Shen Jinqiang (沈金强; born October 1963) is a Chinese politician and senior engineer. A native of Nanjing, Jiangsu, he is a vice chairperson of the Central Committee of the China Democratic National Construction Association (CDNCA) and serves as Vice Chairperson of the Standing Committee of the Chongqing Municipal People's Congress. He is also a member of the Standing Committee of the 14th National People's Congress and Chairperson of the Chongqing Municipal Committee of the CDNCA, as well as Director of the Chongqing Society for Vocational Education.

== Biography ==
Shen Jinqiang was born in October 1963 in Nanjing, Jiangsu. He began his professional career in August 1984 after graduating from Wuxi Institute of Light Industry, where he majored in industrial fermentation engineering. He later obtained a master's degree in managerial economics from Nanyang Technological University in Singapore and holds the professional title of senior engineer.

Shen started his career in the brewing industry, working at Chongqing Brewery, where he progressed from technical staff member to deputy chief engineer and head of technical and quality management.
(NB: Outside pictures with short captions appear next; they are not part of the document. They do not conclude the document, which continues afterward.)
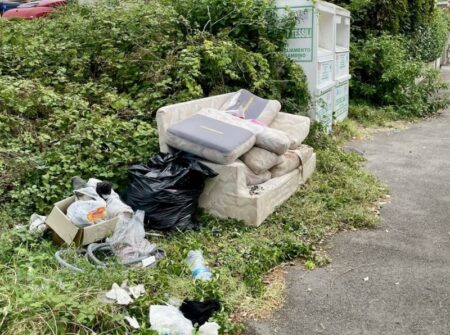 Busto: Rifiuti abbandonati, Legambiente: “Nove proposte”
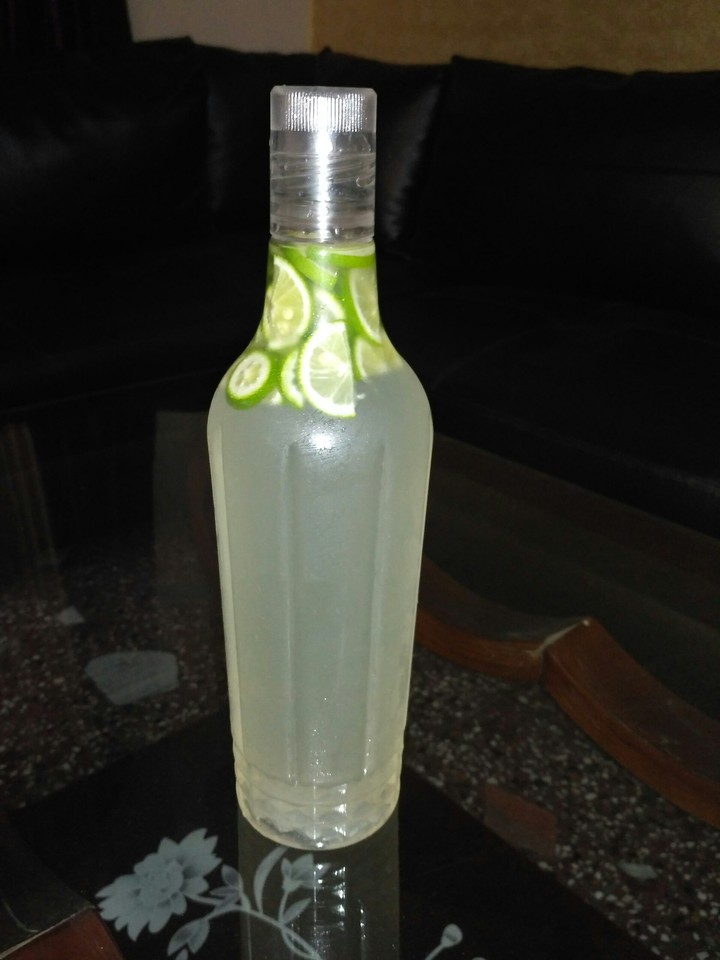 lemon water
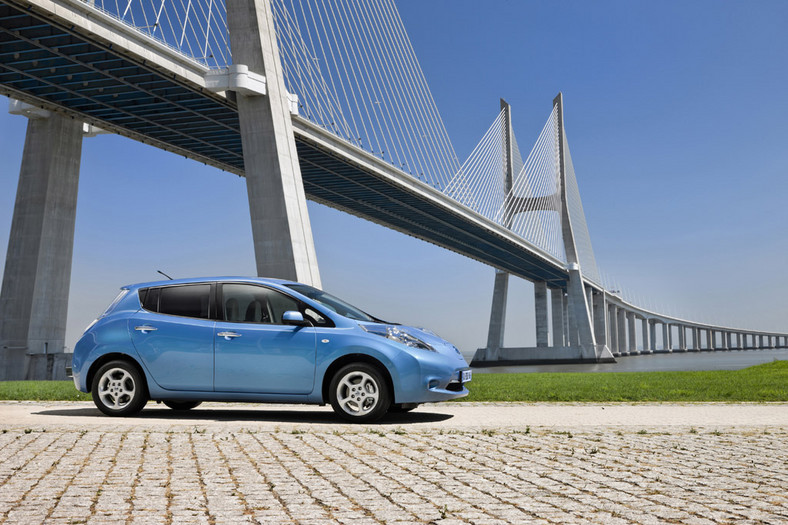 Nissan Leaf: 175 km cichej ekojazdy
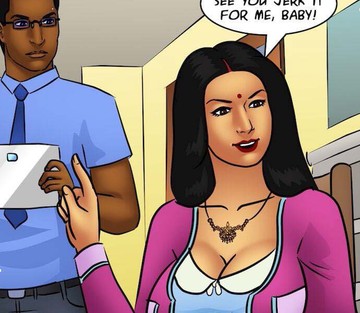 Savita Bhabhi - Episode 85 - Back to Work - Page 48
He later served as deputy general manager of Chongqing Brewery Group, combining technical leadership with enterprise management. During this period, he became active in the China Democratic National Construction Association, joining the organization in September 1989 and taking on leadership roles within its grassroots and district-level committees in Chongqing.

From the late 1990s, Shen transitioned into public administration and political leadership. He served as Vice Mayor of Jiulongpo District, Chongqing, while concurrently acting as chairperson of the district committee of the CDNCA. He later held senior municipal government posts, including deputy director of the Chongqing Municipal Environmental Protection Bureau and deputy director of the Chongqing Administration for Industry and Commerce.

In 2012, Shen was appointed Chairperson of the Chongqing Municipal Committee of the CDNCA and a standing member of its Central Committee. Beginning in 2013, he served as Vice Chairperson of the Standing Committee of the Chongqing Municipal People's Congress, a position he has continued to hold across multiple terms. In December 2022, he was promoted to Vice Chairperson of the Central Committee of the China Democratic National Construction Association.

In addition to his legislative duties, Shen Jinqiang has been a deputy to the 12th, 13th, and 14th National People's Congresses and currently serves as a member of the Standing Committee of the 14th National People's Congress. He has also been active in consultative and social organizations, including serving as Honorary Vice President of the Chongqing Red Cross Society.